Re: [Openstack] [openstack-dev] [nova] Disk attachment consistency

2012-08-15 Thread Vishvananda Ishaya

On Aug 14, 2012, at 10:00 PM, Chuck Thier cth...@gmail.com wrote:

 snip
 I could get behind this, and was was brought up by others in our group
 as a more feasible short term solution.  I have a couple of concerns
 with this.  It may cause just as much confusion if the api can't
 reliably determine which device a volume is attached to.  I'm also
 curious as to how well this will work with Xen, and hope some of the
 citrix folks will chime in.  From an api standpoint, I think it would
 be fine to make it optional, as any client that is using old api
 contract will still work as intended.

This will continue to work as well as it currently does with Xen. We can 
reliably determine which devices are known about and pass back the next one my 
patch under review below does that
 
 (review at https://review.openstack.org/#/c/10908/)
 
 snip
 First question: should we return this magic path somewhere via the api? It 
 would be pretty easy to have horizon generate it but it might be nice to 
 have it show up. If we do return it, do we mangle the device to always show 
 the consistent one, or do we return it as another parameter? guest_device 
 perhaps?
 
 Second question: what should happen if someone specifies /dev/xvda against a 
 kvm cloud or /dev/vda against a xen cloud?
 I see two options:
 a) automatically convert it to the right value and return it
 
 I thought that it already did this, but I would have to go back and
 double check.  But it seemed like for xen at least, if you specify
 /dev/vda, Nova would change it to /dev/xvda.

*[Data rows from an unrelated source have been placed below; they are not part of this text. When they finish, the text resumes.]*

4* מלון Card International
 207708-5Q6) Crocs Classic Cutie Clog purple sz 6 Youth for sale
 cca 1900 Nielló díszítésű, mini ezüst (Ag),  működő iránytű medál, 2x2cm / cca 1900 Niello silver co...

That may be true, I believe for libvirt we just accept /dev/xvdc since it is 
just interpreted as a label.
 
 
 snip
 
 Xen Server 6.0 has a limit of 16 virtual devices per guest instance.
 Experimentally it also expects those to be /dev/xvda - /dev/xvdp.  You
 can't for example attach a device to /dev/xvdq, even if there are no
 other devices attached to the instance.  If you attempt to do this,
 the volume will go in to the attaching state, fail to attach, and then
 fall back to the available state (This can be a bit confusing to new
 users who try to do so).  Does anyone know if there are similar
 limitations for KVM?

There are no limitations like this AFAIK, however in KVM it is possible
to exhaust virtio minor device numbers by continually detaching and
attaching a device if the guest kernel  3.2

 
 Also if you attempt to attach a volume to a deivce that already
 exists, it will silently fail and go back to available as well.  In
 this new scheme should it fail like that, or should it attempt to
 attach it to the next available device, or error out?  Perhaps a
 better question here, is for this initial consistency, is the goal to
 try to be consistent just when there is no device sent, or to also be
 consistent when the device is sent as well.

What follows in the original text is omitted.